INPUT DATA:
Content starts

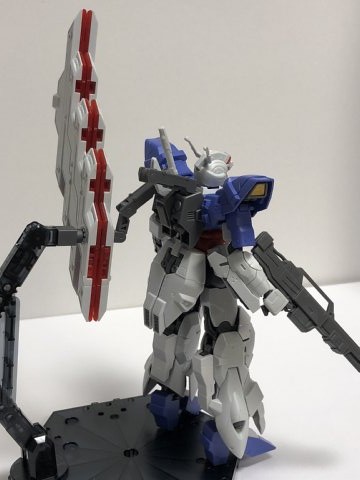 HGUC ムーンガンダム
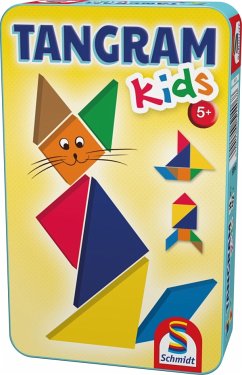 Schmidt 51406 - Tangram Kids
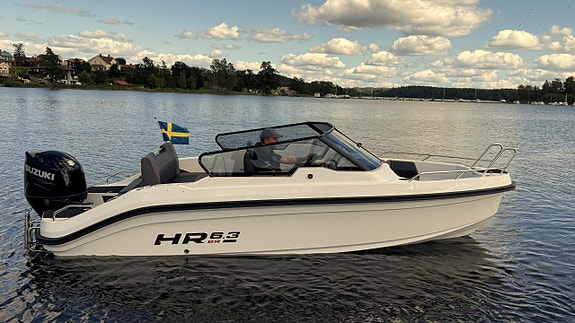 HR 6.3 BR NYHED!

Content ends

THE PROBLEM: No image belongs in the copy. Transcribe the full listing verbatim.

WORKED SOLUTION:
 HGUC ムーンガンダム
 Schmidt 51406 - Tangram Kids
 HR 6.3 BR NYHED!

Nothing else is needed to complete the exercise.